Après un passage remarqué à Broadway dans la comédie musicale de Cindy Lauper « Kinky Boots », le chanteur de 39 ans revient avec un album premier solo glam' et sans compromis, sobrement intitulé « Jake Shears ». L'occasion de discuter avec l'un des performers les plus flamboyants de sa génération.
Cela fait bien trop longtemps qu’on n’avait pas eu de nouvelles de ta part. Depuis la séparation des Scissor Sisters. Que s’est-il passé dans ta vie depuis tout ce temps ?

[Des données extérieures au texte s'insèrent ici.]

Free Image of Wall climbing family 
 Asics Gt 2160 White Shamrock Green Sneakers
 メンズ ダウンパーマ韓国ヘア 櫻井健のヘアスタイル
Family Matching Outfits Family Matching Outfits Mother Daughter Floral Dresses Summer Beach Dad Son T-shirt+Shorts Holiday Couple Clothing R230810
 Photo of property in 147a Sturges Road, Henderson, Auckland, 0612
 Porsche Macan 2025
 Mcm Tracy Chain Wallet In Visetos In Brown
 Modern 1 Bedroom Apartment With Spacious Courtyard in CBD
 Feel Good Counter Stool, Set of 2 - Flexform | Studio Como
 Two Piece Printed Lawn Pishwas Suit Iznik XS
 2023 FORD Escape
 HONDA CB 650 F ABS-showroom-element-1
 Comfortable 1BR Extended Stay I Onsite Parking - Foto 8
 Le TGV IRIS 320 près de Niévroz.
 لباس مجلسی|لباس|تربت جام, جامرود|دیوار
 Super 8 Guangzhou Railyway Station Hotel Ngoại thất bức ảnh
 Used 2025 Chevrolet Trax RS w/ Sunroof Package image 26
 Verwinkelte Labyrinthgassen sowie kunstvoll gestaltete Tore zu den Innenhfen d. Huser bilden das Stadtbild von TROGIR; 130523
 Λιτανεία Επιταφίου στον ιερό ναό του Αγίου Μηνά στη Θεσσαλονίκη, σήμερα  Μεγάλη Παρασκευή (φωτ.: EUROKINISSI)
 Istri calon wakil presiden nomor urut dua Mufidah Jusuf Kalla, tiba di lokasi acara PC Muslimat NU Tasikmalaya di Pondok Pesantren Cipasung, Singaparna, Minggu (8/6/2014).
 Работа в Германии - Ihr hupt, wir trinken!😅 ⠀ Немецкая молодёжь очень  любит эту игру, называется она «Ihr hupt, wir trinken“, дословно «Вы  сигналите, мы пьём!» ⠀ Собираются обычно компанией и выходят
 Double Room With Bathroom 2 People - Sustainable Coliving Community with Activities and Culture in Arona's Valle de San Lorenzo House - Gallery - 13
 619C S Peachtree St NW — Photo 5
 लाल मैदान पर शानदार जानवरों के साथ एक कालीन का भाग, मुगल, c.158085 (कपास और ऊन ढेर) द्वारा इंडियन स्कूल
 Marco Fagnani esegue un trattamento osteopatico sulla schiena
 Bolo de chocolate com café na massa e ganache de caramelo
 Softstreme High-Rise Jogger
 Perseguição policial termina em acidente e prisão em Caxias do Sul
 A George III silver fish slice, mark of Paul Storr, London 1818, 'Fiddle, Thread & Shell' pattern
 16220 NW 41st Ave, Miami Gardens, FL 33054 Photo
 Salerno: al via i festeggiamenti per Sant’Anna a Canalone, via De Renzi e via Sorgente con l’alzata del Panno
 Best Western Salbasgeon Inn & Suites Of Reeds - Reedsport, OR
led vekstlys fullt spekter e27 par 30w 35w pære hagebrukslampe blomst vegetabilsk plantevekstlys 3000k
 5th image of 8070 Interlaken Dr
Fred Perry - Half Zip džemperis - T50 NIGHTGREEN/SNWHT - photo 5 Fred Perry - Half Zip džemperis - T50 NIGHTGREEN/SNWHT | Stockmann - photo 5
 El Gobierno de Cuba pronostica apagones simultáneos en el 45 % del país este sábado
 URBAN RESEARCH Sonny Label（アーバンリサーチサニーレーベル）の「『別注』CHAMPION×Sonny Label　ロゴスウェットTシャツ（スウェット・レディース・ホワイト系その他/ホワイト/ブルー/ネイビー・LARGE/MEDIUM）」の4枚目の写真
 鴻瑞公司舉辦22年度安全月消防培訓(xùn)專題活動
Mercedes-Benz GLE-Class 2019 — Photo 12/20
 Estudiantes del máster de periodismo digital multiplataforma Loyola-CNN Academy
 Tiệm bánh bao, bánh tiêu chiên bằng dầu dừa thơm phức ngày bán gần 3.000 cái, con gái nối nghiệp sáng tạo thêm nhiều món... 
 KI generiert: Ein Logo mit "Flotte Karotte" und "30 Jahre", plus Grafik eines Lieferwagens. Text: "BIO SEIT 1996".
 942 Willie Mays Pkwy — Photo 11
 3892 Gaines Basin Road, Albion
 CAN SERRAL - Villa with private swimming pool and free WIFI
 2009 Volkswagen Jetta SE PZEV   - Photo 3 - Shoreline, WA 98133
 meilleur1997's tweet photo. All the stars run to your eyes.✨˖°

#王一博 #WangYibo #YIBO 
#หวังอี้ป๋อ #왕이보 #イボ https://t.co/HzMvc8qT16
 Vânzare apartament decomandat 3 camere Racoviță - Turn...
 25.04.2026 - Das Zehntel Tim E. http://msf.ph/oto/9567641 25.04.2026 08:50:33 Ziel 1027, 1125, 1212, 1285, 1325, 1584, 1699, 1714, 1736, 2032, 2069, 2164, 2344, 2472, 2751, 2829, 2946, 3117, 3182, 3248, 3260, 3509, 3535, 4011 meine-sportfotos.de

Jake Shears : Il s’est écoulé six ans depuis le dernier album des Scissor Sisters et un an après, on s’est séparé. J’ai quitté New York pour m’installer à Los Angeles. Ça m’a pris quelques années pour savoir ce que je voulais faire de ma vie et de ma carrière. Sans le groupe, j'étais perdu. Je ne savais ce que je voulais faire. Même si j’ai toujours continué à écrire et composer. J’ai lancé plusieurs projets mais rien n’est concrétisé. La seule chose qui m’importait, c’était d’être heureux dans la vie. Alors j’ai pris de grandes décisions : j’ai rompu avec mon copain (le réalisateur Chris Moukarbel), j’ai déménagé à la Nouvelle-Orléans… Tout ça m’a pris du temps. Puis j’ai commencé à ressembler quelques idées en me disant: « Ok. Quelle est la prochaine étape ? Qu’est-ce que je dois faire ? ». C’était il y a trois ans. Je me suis mis à travailler sur un livre et sur ce nouvel album, que j’ai achevé il y a un an exactement. Entre temps, on m’a appelé pour jouer dans "Kinky Boots", la comédie musicale. Du coup, j’ai mis la sortie de l’album sur pause. Après Broadway, j’ai sorti le livre et maintenant je sors l’album, tout s’enclenche enfin.
« Ça m’a pris quelques années pour savoir ce que je voulais faire de ma vie et de ma carrière. Sans le groupe, j'étais perdu. Je ne savais ce que je voulais faire... »
Il faut qu’on parle de ce nouveau single : « Big Bushy Moustache ». C'est une ode à la pilosité que tu arbores désormais sous le nez ?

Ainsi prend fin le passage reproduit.